In recalling that the international community have kept their political commitments and taken actions to achieve sustainable development, the Forum gave special attention to the importance of alleviating desertification, land degradation and drought (DLDD) and emphasized the urgency of promoting ecological civilization construction, further rehabilitating degraded land, improving soil quality, enhancing water resource management, mitigating climate change and facilitating achievements in sustainable development and poverty eradication.


2. Caused by the imbalance occurring in a complicated and changing process, desertification is one of the focal areas in global environment and sustainable development. It is an issue of great concern, which needs immediate solutions and concerted approaches. Thanks to the joint efforts made by the international community and governments of different countries, significant progress has been made in national policies, mechanisms, funds, technologies, capacity building and other work in support of the fight against global DLDD. However, there remain 36 million square kilometers of deserts and areas of desertification in the world, covering about 1/4 of the total land area of the earth. Over 167 countries are afflicted by desertification. Across the world, desertification posts an annual loss of up to USD 40-50 billion and affects the livelihoods of about one billion impoverished people.

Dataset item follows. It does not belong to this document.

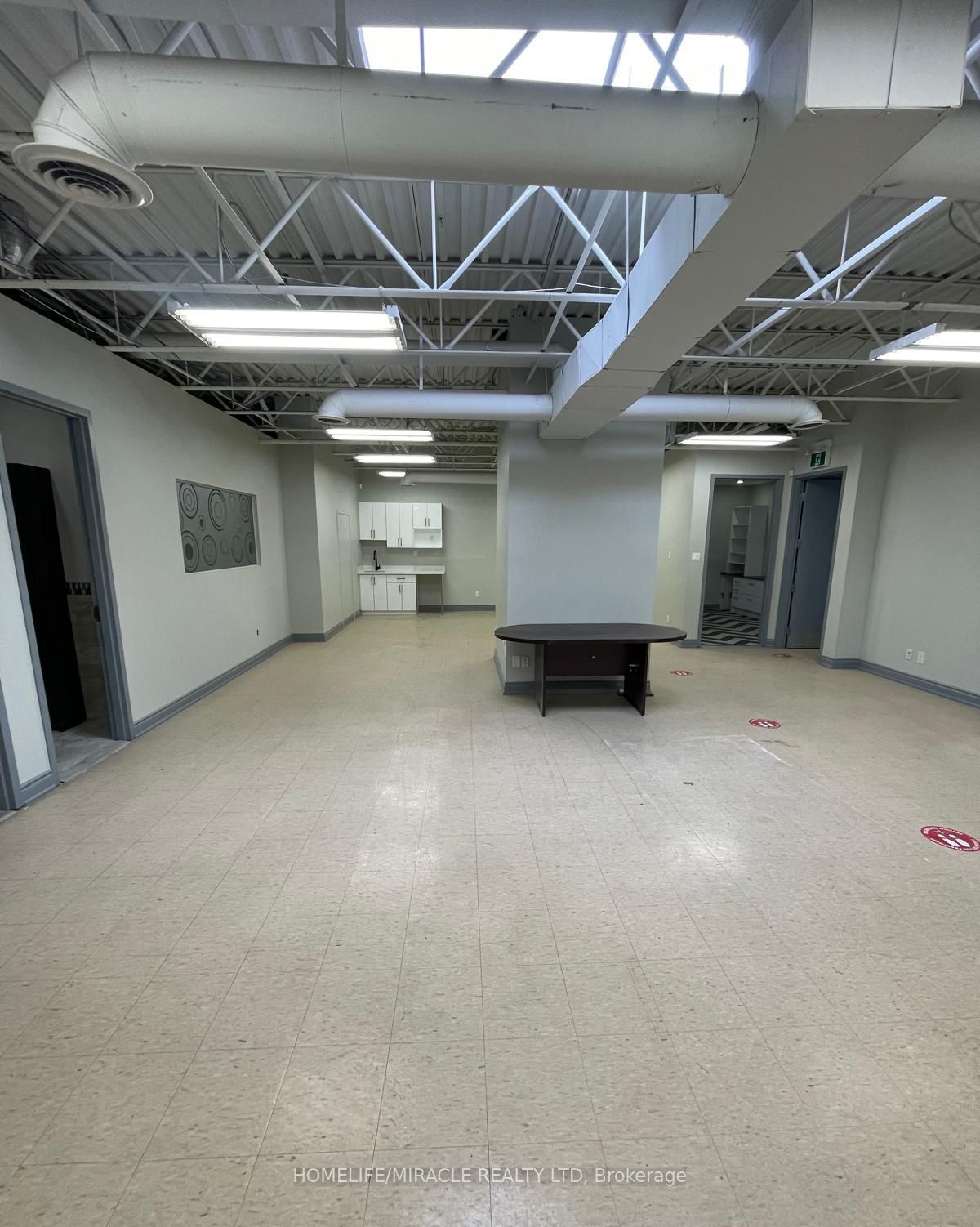 Additional image 5 of 3-7195 Tranmere Drive, Mississauga, ON, L5S 1N4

At present, it is increasing at an annual rate of 50,000-70,000 square kilometers.


3. The Forum recognized by consensus that poverty eradication and sustainable development require urgent and practical actions by everyone, and emphasized the importance of the twin themes of Rio+20,“green economy in the context of sustainable development and poverty eradication” and“the institutional framework for sustainable development”, and the necessity to work together through public-private partnerships (PPP) among governments, civil society and the private sector to continue the sustainable development for future generations.

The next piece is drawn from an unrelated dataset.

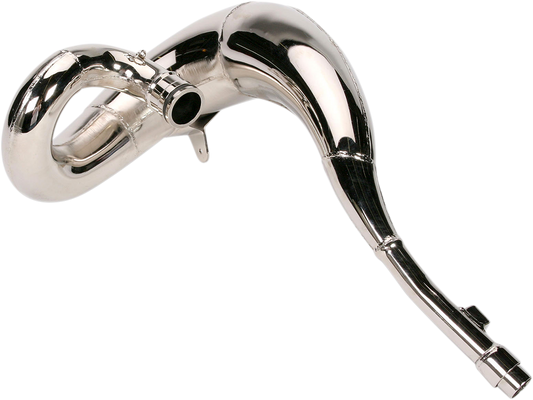 FMF Gold Series Fatty™ Head Pipe - '99-'00 RM250 020109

4. The Forum took note of the strategic initiatives on“Ecological Civilization Construction”and the“Silk Road Economic Belt and 21st Century Maritime Silk Road”(or the“Belt and Road”) proposed by the Chinese government, and the outcomes of the Dialogue on Strengthening Connectivity Partnership held in Beijing in November 2014, including the launch of Asian Infrastructure Investment Bank (AIIB) and the Silk Roads Foundation, as well as other measures aiming to promote policy coordination, facilities connectivity, unimpeded trade, financial integration and peopleto-people bond and to create new opportunities of win-win cooperation on green development and desertification control in those countries along the “Belt and Road”.

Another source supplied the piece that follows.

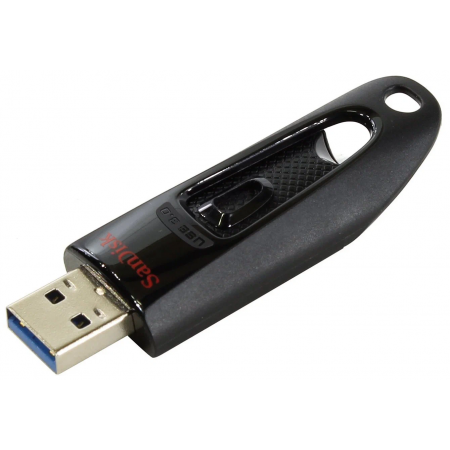 16 ГБ USB Флеш-накопитель SanDisk SDCZ48-016G-U46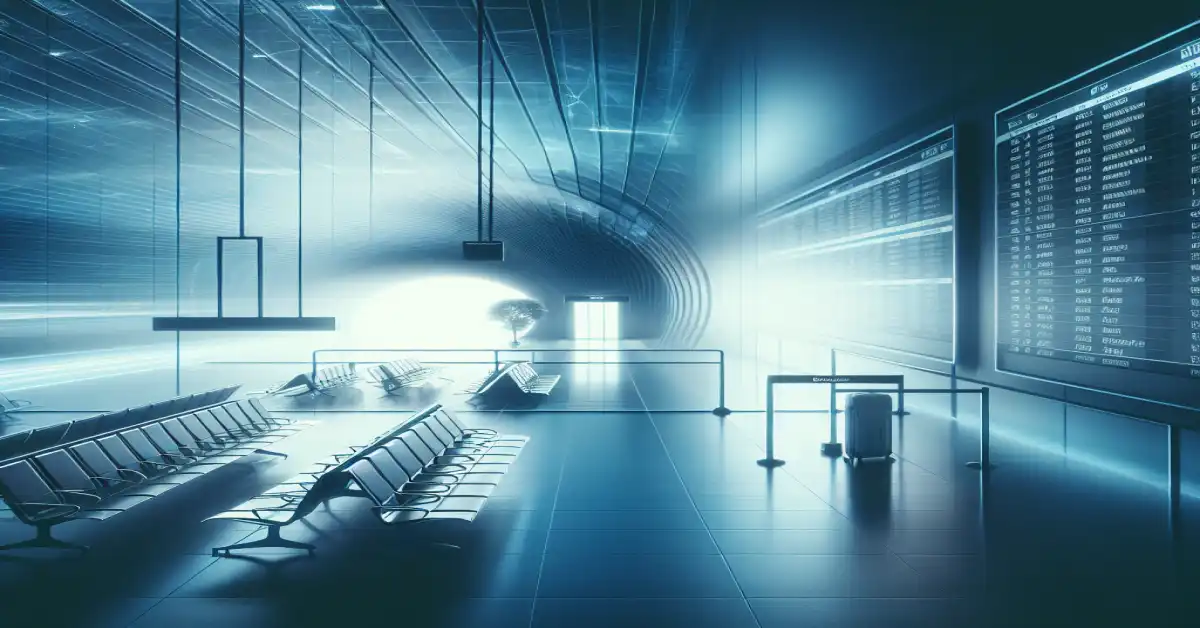 what does being late in a dream mean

5. The Forum recognized China's distinguished achievements in the combat against desertification. China is one of the countries with the largest area of desertification, which occupies 2.63 million sqare kilometers, accounting for 27.13 % of the total land territory, and China's total land affected by sandification occupies 1.73 million square kilometers, accounting for 18.03% of the total land territory of China. The Chinese government has laid high priority on desertification control. It took the lead in the world to issue the Law on Desertifiction Prevention and Control and established the National Coordinating Group for Combating Desertification, which is composed of members from 19 ministries and in charge of supervising and coordinating the desertification control nationwide. For years, the Chinese government has optimized its policy mechanisms and improved the leader responsibility system at different levels, while promoting activities of desertification control through a range of key ecological construction projects, such as the sandstorm source prevention and control around Beijing and Tianjin, the Three-North Shelter Forest Program, the Grain for Green Program, and water and soil conservation projects. So far the trend of desertification has been preliminarily contained and the area of deserts and desertification is seen shrinking.


6. The Forum also noted specifically of the increasing function Chinese enterprises have played in the combat against desertification. For years, as a private enterprise guided by the concept of green growth, Elion Resources Group, for example, has been active in leading the local efforts to prevent and control desertification. Its longstanding strategy of pursuing a balanced growth for the local ecological protection, economic development and improvement of livelihood has received many plaudits from the Chinese government and local people, and has been recognized as a model of good practice by the United Nations. Over the past 27 years, Elion Resource Group has been dedicated to driving industry development through continuous technical innovations for a more effective ecological management to improve the livelihood of local people through the public-private-people partnership (PPPP). Its continued efforts in greening the deserts has improved the ecosystem and financial wellbeing of the local community, benefiting over 100,000 local farmers and pastoralists, and facilitated its own business development at the same time. In 2013, the International Union for Conservation of Nature (IUCN), in cooperation with a research institute based in China, launched an assessment of the ecological value of the Kubuqi Desertification Prevention and Control and valued these projects at a total of RMB 30.591 billion in gross ecological production (GEP), which represents a good balance between economic development and environmental protection.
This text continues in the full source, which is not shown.